Geht es an Bord nicht sehr hierarchisch zu? Mussten Sie lernen, Befehlen Folge zu leisten?
Nein. Der Skipper und der zweite Offizier haben zwar letztendlich das Sagen. Aber jeder hat einen anderen Führungsstil. Unser Skipper lässt uns erst machen und stellt sich eher in den Hintergrund. Er meinte immer, dass er einfach der Hausmeister ist und nur eingreift, wenn es notwendig ist. Wir waren also sehr selbstständig.
Was macht man, wenn man nicht im Dienst ist?
Nicht viel – so viel wie möglich ausruhen und schlafen. Das Boot ist ja ständig in Bewegung, das zehrt. Im Dienst sitzt man manchmal aber auch nur an Deck, schaut aufs Wasser, geht seinen Gedanken nach und wartet auf ein Manöver oder darauf das Steuer zu übernehmen.
Sind Sie je krank geworden, gab es Notfälle?
Es gab an Bord bisher zwei Notfälle, einer davon war ich (lacht). Mitten auf dem Ozean , bei hohem Wellengang, wurde ich an einer Platzwunde am Kopf genäht – die Spinnakerleine hat mich verletzt. Und leider werde ich nach längerem Aufenthalt an Land immer wieder seekrank. Aber das vergeht schnell wieder.
Was hat Ihnen die Auszeit gebracht? Konnten Sie sprichwörtlich Ihren Horizont erweitern?
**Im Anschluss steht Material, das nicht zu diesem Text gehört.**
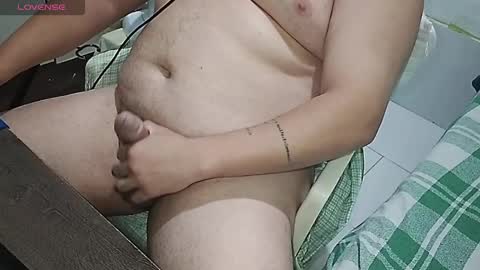 Snapshot of mrjamesbrazilianhotshybear94 chatting on February 10, 10:19 am mrjamesbrazilianhotshybear94 online show from February 10, 10:19 am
So eine Reise kann schon die persönliche Einstellung verändern. Ich nehme gewissen Dinge nun bewusster wahr und setze Prioritäten anders als früher. Es muss nicht immer alles perfekt sein. Das Leben auf engstem Raum fördert auch das Verständnis von Teamarbeit. Bis zu einem gewissen Grad muss jeder an Bord zusammenarbeiten können, auch wenn man sich vielleicht nicht mag. Trotzdem kann man das erklärte Ziel gemeinsam erreichen.
Sie haben Ihre Entscheidung also nie bereut?
Es war genau das Richtige für mich. Es hat mir wahnsinnig gutgetan. Das Boot war meine kleine Welt. Alles andere war unwichtig.
Zur Person
Bettina Neid, 46, arbeitete vor der Teilnahme am „Clipper Round the World Yacht Race“ bei der Liechtensteinischen Landesbank (Österreich) AG. Die Teilnahme an der Regatta hatte sie 50.000 Pfund gekostet – sonstige Ausgaben exklusive. Trotzdem habe sie während der Regatta „nicht komplett auf Sparflamme“ gelebt, so Neid. „Lag die Yacht im Hafen, habe ich immer im Hotel geschlafen und hab mich über ein sauberes Bett gefreut, einen privaten Bereich für mich und eine Klospülung.“ Jetzt, nach Abbruch der Regatta arbeitet Neid wieder in der Bank und wohnt in einer WG. Im Februar 2021 will sie die Regatta fortsetzen und von Manila aus die 6.000 Meilen lange Königsetappe über den Pazifik nach Seattle segeln.